The command watch -n1 cat /proc/stat shows that cpu2 and cp3 are growing higher than the others, than cpu0 and cpu1.

I ment about htop and top, that they show exactly the same load average but the cpu usage about kernel (showed in red at htop) it isn't shown with top command.

Max value of procs_running is below 10, and also the procs_blocked is below 10, and also below the value of procs_running.

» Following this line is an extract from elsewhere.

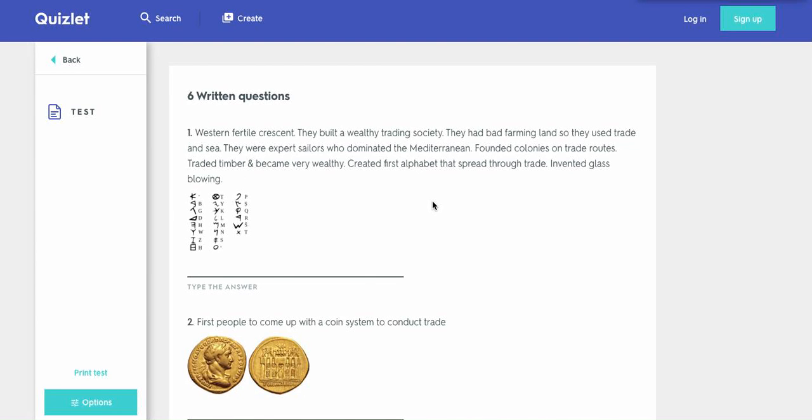Welcome to Edge of It, and in this video, we're going to take the Fertile Crescent test to test our knowledge so far.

Because the server went "Kernel Panic" I rebooted and suspect that the high load is because the I/O operations (hdd's configured as Raid5), and the nr of procs now is around 800000

Thanks,
Enid

Last edited by enid; 09-20-2010 at 03:37 AM.
 
Old 09-21-2010, 01:18 AM   #4
adamwonski
LQ Newbie
 
Registered: Aug 2010
Distribution: debian, centos
Posts: 20

Rep: Reputation: 0
800.000 processes?

If you can use sar, you can run this to observe CPU usage by I/O requests:
Code:
% sar -d 1 0
%util - of CPU time during which I/O requests were issued to the device (bandwidth utilization for the device). Device saturation occurs when this value is close to 100%.
 
Old 09-21-2010, 04:58 AM   #5
enid
Member
 
Registered: May 2009
Posts: 42

Original Poster
Rep: Reputation: 2
Hi adamwonski,

Indeed the %util is very close to 100 most of the time.
What exactly does this mean and how can it be improved?

Thanks again
Enid
 
Old 09-22-2010, 11:58 AM   #6
adamwonski
LQ Newbie
 
Registered: Aug 2010
Distribution: debian, centos
Posts: 20

Rep: Reputation: 0
that means your devices are saturated / overwhelmed with requests

Quote:
Originally Posted by enid View Post
hdd's configured as Raid5
is that software RAID? Do you see any drive broken, or the RAID un-synced? syncing?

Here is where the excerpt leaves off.